By Christophe Dupupet on Oct 09, 2009
This post assumes that you have some level of familiarity with ODI. The concepts of Interface, Flow and Static Control, as well as Knowledge Module are used here assuming that you understand them in the context of ODI. If you need more details on these elements, please refer to the ODI Tutorial for a quick introduction, or to the complete ODI documentation for detailed information..
TABLES GENERATED BY ODI TO IDENTIFY ERRORS
If you take advantage of either Flow Control or Static Control in your interfaces, you know that ODI will automatically trap errors for you as you run your interfaces.
When you select the Controls tab of your interface, where you will decide which Knowledge Module will be used to identify the errors, you have an option to drop the Error table and another one to drop the Check table. Have you ever wondered what these are?
The Error table is the table that will be created by ODI to store all errors trapped by the FLOW_CONTROL and STATIC_CONTROL of your interface. You have probably already used the error table. This table is structured after your target table, along with administrative information needed to re-cycle or re-process the invalid records. It is loaded by ODI with all records that fail to pass the validation of the rules defined on your Target table. This feature is often referred to as a Data Quality Firewall as only the "good" data will make it to the target table.
Once all errors have been identified for a given interface, ODI will summarize them into another table: the Check table. There will be only one such table per data server: all target tables in the server (irrespectively of their schema) will share the same summary table. The name of this table is defined by default by the CKMs as SNP_CHECK_TAB.
LOCATION OF THE CHECK TABLE
You will find the check table in the default work schema of your server. To locate this schema, you have to go back to topology, in the Physical Architecture tab. Expand your data server to list the different physical schemas. One of the schemas is your default schema and will be identified by a checkmark on the schema icon (see SALES_DWH in the example below).

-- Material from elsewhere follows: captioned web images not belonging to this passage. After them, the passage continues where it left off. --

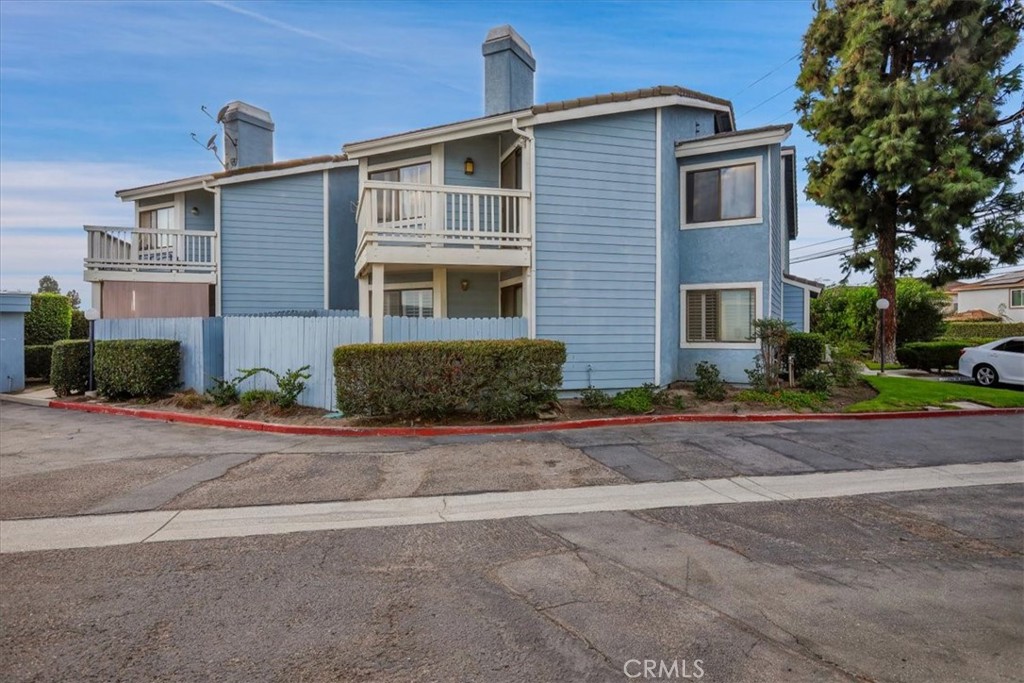 7652 Cerritos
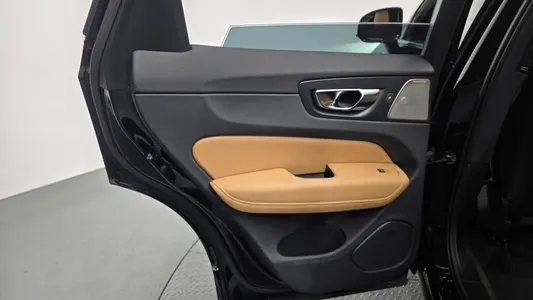Volvo XC60 2 T8 2025 25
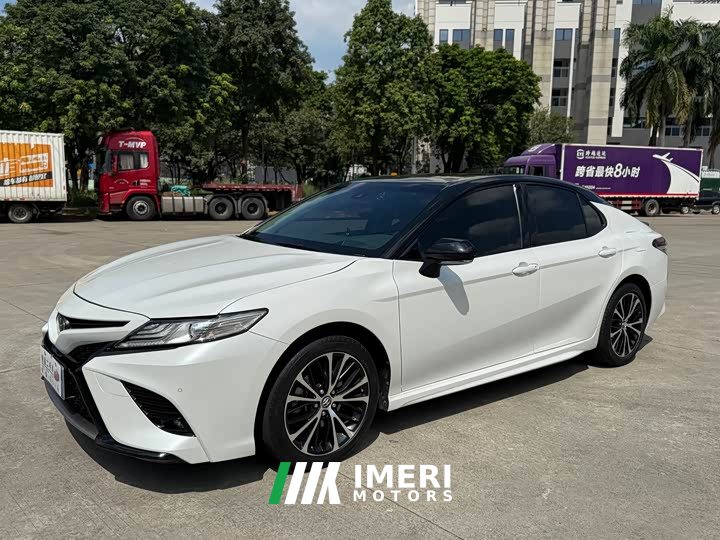 Toyota Camry 2.0S Sharp Luxury Edition - ავტომობილი ჩინეთიდან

When you edit the schema, it has an associated work schema. The work schema associated to your default schema is your default work schema: ODI_TMP is the following example.
Note that you can change your default schema by selecting/unselecting the default option in the schema definition. But remember that you will always need exactly one default schema for each server.
Now that we know where to find this table, let's look at its structure:
- CATALOG_NAME, SCHEMA_NAME: location of the table that was being loaded (i.e. the target table)
- RESOURCE_NAME, FULL_RES_NAME: name of the table that was being loaded
- ERR_TYPE: type of control that was performed (Flow Control or Static Control)
- ERR_MESS: plain English error message associated with the error
- CHECK_DATE: date and time of the control
- ORIGIN: name of the ODI process that identified the errors
- CONS_NAME: name of the constraint (as defined in the ODI Models) that defines the rule that the record violated
- CONS_TYPE: type of error (duplicate primary key, invalid reference, conditional check failed, Null Value)
- ERR_COUNT: number of records identified by the process that failed to pass that specific control rule.
A sample of the data available in that summary table is show below (we split the content in 2 screenshots to make this more readable - this is one and only one table):
There are many possible uses for this table: decision making in your ODI processes based on the number of errors identified or the type of errors identified, basic reporting on errors trapped by ODI, trend analysis or the evolution of errors over time...
Do not hesitate and share with us how you leverage this table!
Screenshots were taken using version 10.1.3.5 of ODI. Actual icons and graphical representations may vary with other versions of ODI.